An event is a clean struct with exported properties that contains the state of the event.

Example of two events from the Person aggregate.

// Initial event
type Born struct {
    Name string
}

// Event that happens once a year
type AgedOneYear struct {}

When an aggregate is first created, an event is needed to initialize the state of the aggregate. No event, no aggregate. Below is an example of a constructor that returns the Person aggregate and inside it binds an event via the TrackChange function. It's possible to define rules that the aggregate must uphold before an event is created, in this case the person's name must not be blank.

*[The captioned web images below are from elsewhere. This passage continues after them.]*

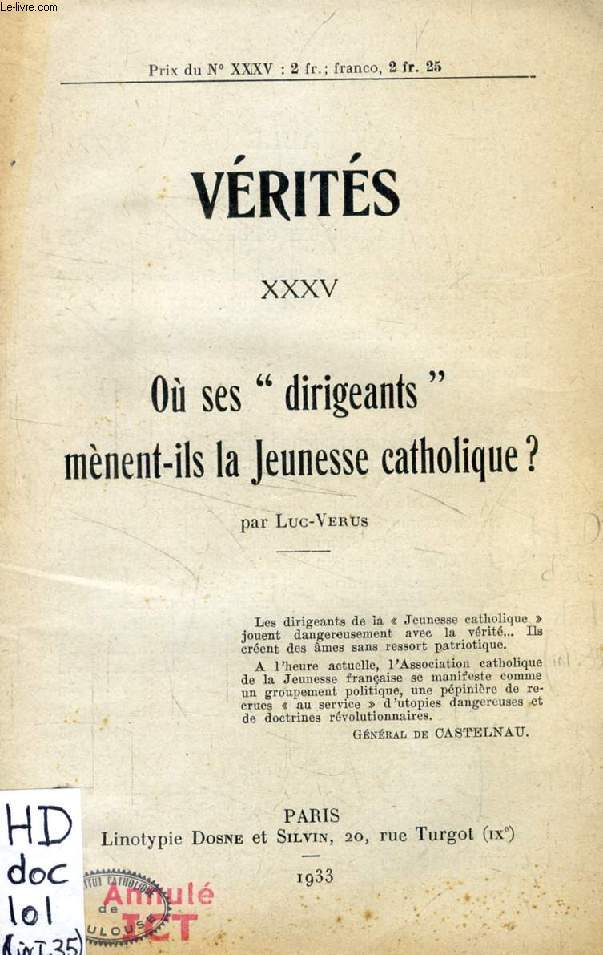 VERITES, N XXXV, OU SES 'DIRIGEANTS' MENENT-ILS LA JEUNESSE CATHOLIQUE ?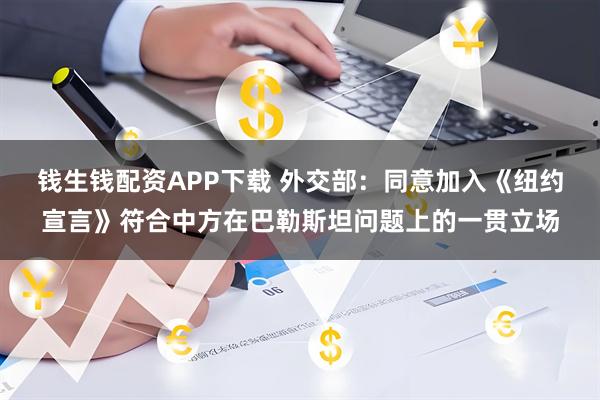 钱生钱配资APP下载 外交部：同意加入《纽约宣言》符合中方在巴勒斯坦问题上的一贯立场
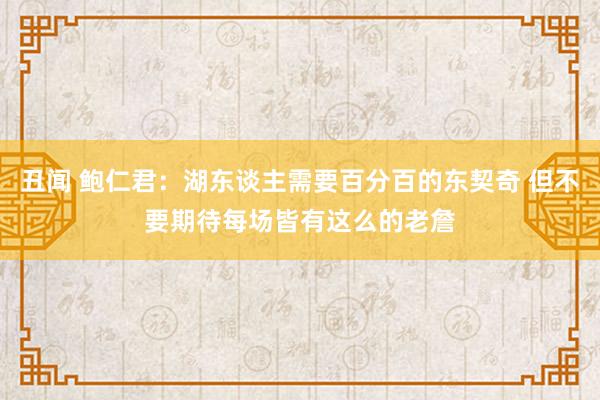 丑闻 鲍仁君：湖东谈主需要百分百的东契奇 但不要期待每场皆有这么的老詹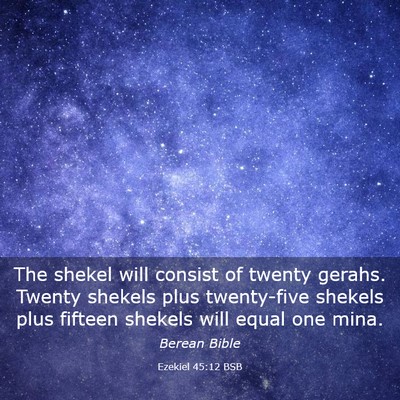 Picture 03 - Ezekiel 45:12 BSB - The shekel will consist of twenty gerahs. Twenty - Bible Verse Picture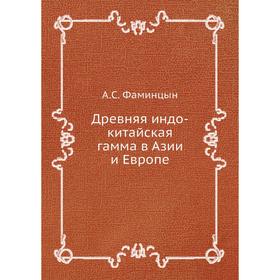 

Древняя индо-китайская гамма в Азии и Европе. А. С. Фаминцын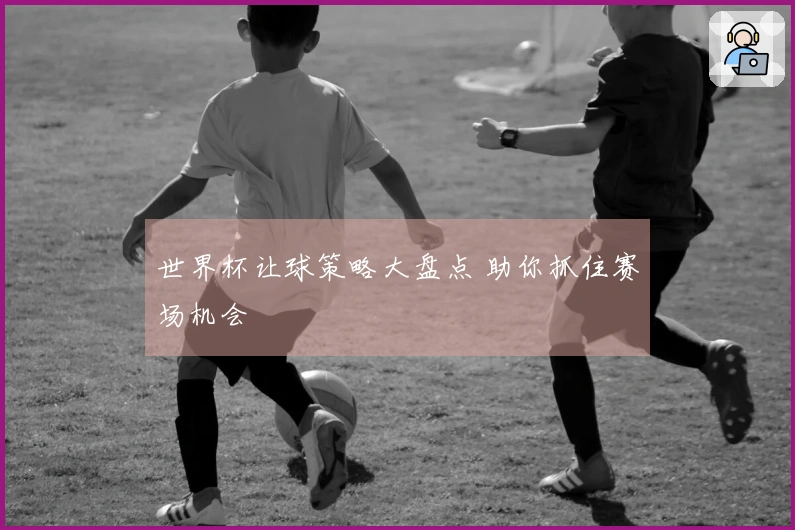 世界杯让球策略大盘点 助你抓住赛场机会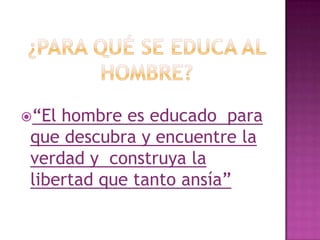 “El hombre es educado para
que descubra y encuentre la
verdad y construya la
libertad que tanto ansía”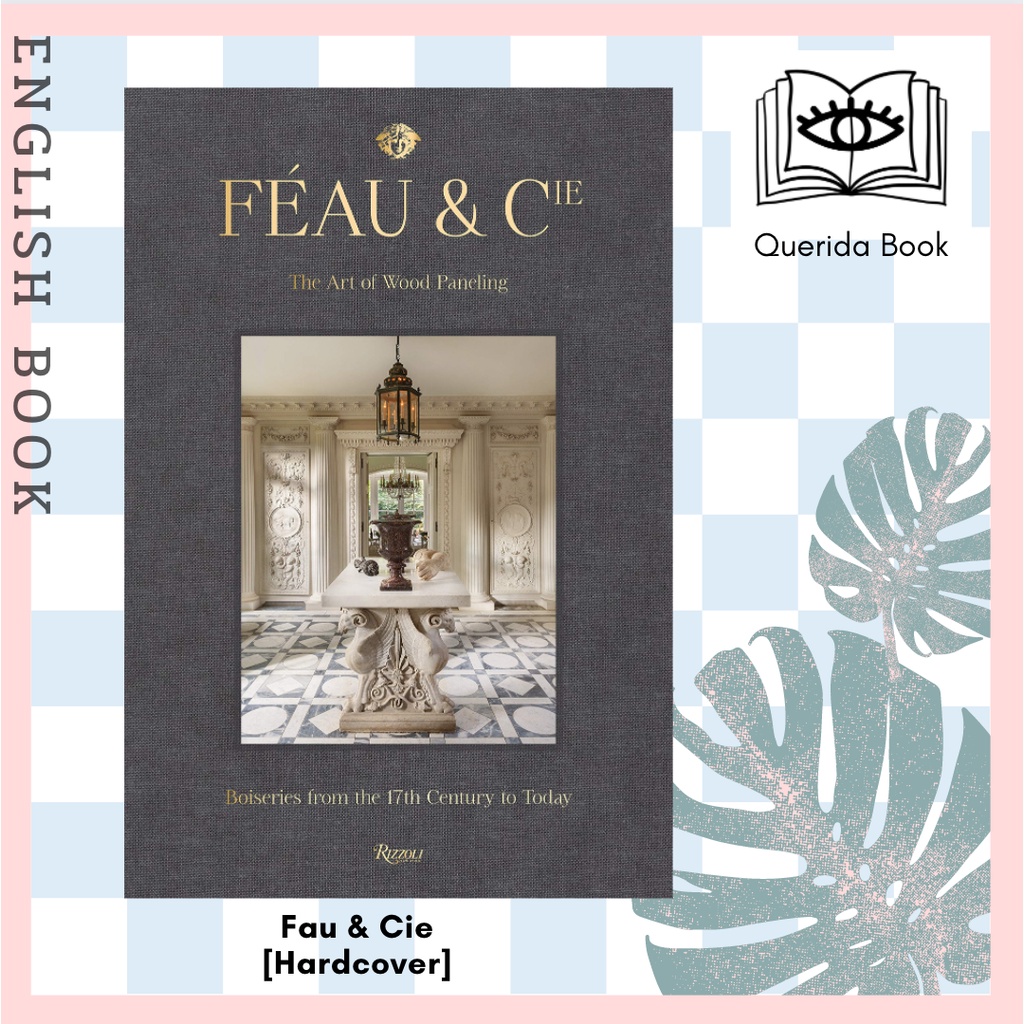 [Querida] หนังสือภาษาอังกฤษ Fau & Cie : The Art of Wood Paneling: Boiseries from the 17th Century to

// CreatePerson constructor for Person
func CreatePerson(name string) (*Person, error) {
	if name == "" {
		return nil, errors.New("name can't be blank")
	}
	person := Person{}
	person.TrackChange(&person, &Born{Name: name})
	return &person, nil
}

When a person is created, more events could be created via methods on the Person aggregate. Below is the GrowOlder method which in turn triggers the event AgedOneYear. This event is tracked on the person aggregate.

// GrowOlder command
func (person *Person) GrowOlder() {
	person.TrackChange(person, &AgedOneYear{})
}

Internally the TrackChange methods calls the Transition method on the aggregate to transform the aggregate based on the newly created event.

To bind metadata to events use the TrackChangeWithMetadata method.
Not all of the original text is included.